For me, it's not an issue with the compiler, but more about handling corner cases. Py_UNREACHABLE() is used in cases which "should not occur" but can technically occur if you pass invalid data, or in "very unlikely case".

I looked at the Python code base.

tracemalloc_realloc():

        if (ADD_TRACE(ptr2, new_size) < 0) {
            /* Memory allocation failed. The error cannot be reported to
               the caller, because realloc() may already have shrunk the
               memory block and so removed bytes.

               This case is very unlikely: a hash entry has just been
               released, so the hash table should have at least one free entry.

               The GIL and the table lock ensures that only one thread is
               allocating memory. */
            Py_UNREACHABLE();
        }

Technically, Py_UNREACHABLE() can be reached if there is very low available memory, but it "should not".

dictobject.c:

static Py_ssize_t
lookdict_index(PyDictKeysObject *k, Py_hash_t hash, Py_ssize_t index)
{
    size_t mask = DK_MASK(k);
    size_t perturb = (size_t)hash;
    size_t i = (size_t)hash & mask;

    for (;;) {
        Py_ssize_t ix = dictkeys_get_index(k, i);
        if (ix == index) {
            return i;
        }
        if (ix == DKIX_EMPTY) {
            return DKIX_EMPTY;
        }
        perturb >>= PERTURB_SHIFT;
        i = mask & (i*5 + perturb + 1);
    }
    Py_UNREACHABLE();
}

Here it's unclear to me if this case can be reached or not.

_PyLong_Format() calls Py_UNREACHABLE() if base is not in (2, 8, 16).

long_bitwise() calls Py_UNREACHABLE() if op is not in ('&', '^', '|'). Technically, this case cannot occur, since it's static function which has exactly 3 call sites all with valid 'op'. This *very specific* case could use __builtin_unreachable().

pytime.c:

_PyTime_t
_PyTime_GetSystemClock(void)
{
    _PyTime_t t;
    if (pygettimeofday(&t, NULL, 0) < 0) {
        /* should not happen, _PyTime_Init() checked the clock at startup */
        Py_UNREACHABLE();
    }
    return t;
}

_PyTime_t
_PyTime_GetPerfCounter(void)
{
    _PyTime_t t;
    if (_PyTime_GetPerfCounterWithInfo(&t, NULL)) {
        Py_UNREACHABLE();
    }
    return t;
}

Clocks should not fail, but if they fail I would prefer to call Py_FatalError() to collect the traceback where the bug occurred.


> This is exact the case for __builtin_unreachable in GCC and Clang. I propose to extend Py_UNREACHABLE() to __builtin_unreachable() in the release mode.

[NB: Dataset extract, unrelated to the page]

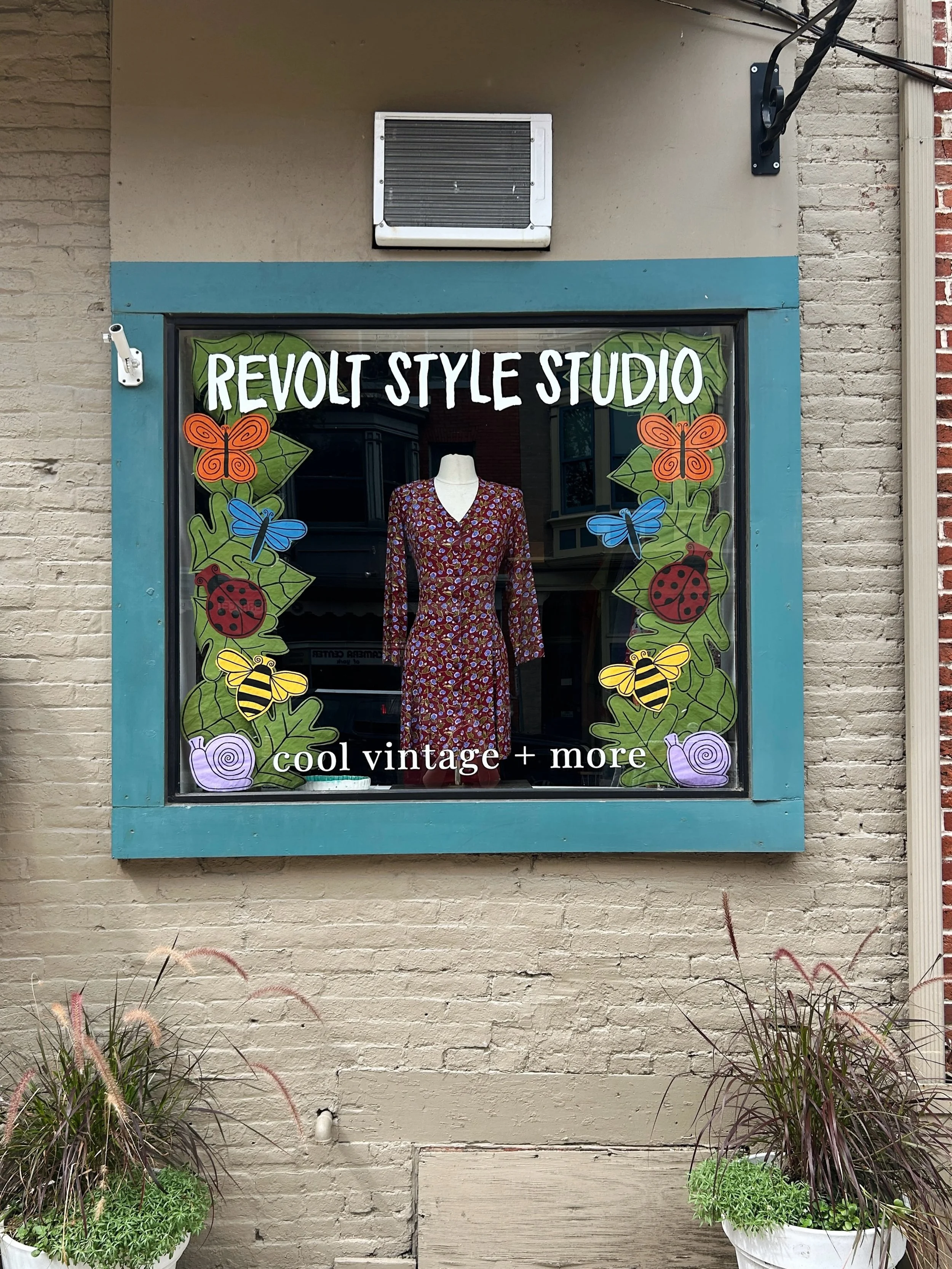It&rsquo;s bug season at Revolt. 🐛🐞🪲 Not in the scary way, but in the @noahkahanmusic way. Vintage fall fashion is filling uo the racks as we speak, so don&rsquo;t forget to shop secondhand for your new fall favorites.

This will allow the compiler to generate more efficient code.
>
> If there are circumstances in which Py_UNREACHABLE() is reachable, then it is improper use of Py_UNREACHABLE(). It should be replaced with raising an appropriate exception (like TypeError, ValueError, RuntimeError or SystemError) or, in extreme cases, with explicit Py_FatalError()
 
If you consider that it's really worth it to optimize Py_UNREACHABLE(), I would prefer to have a new macro which is only used for compiler warnings: for cases which really "cannot happen".

But it sounds hard to ensure that bugs cannot happen. I'm not sure that it's worth it to optimize Py_UNREACHABLE(). IMHO the current implementation is a good tradeoff between correctness and performance.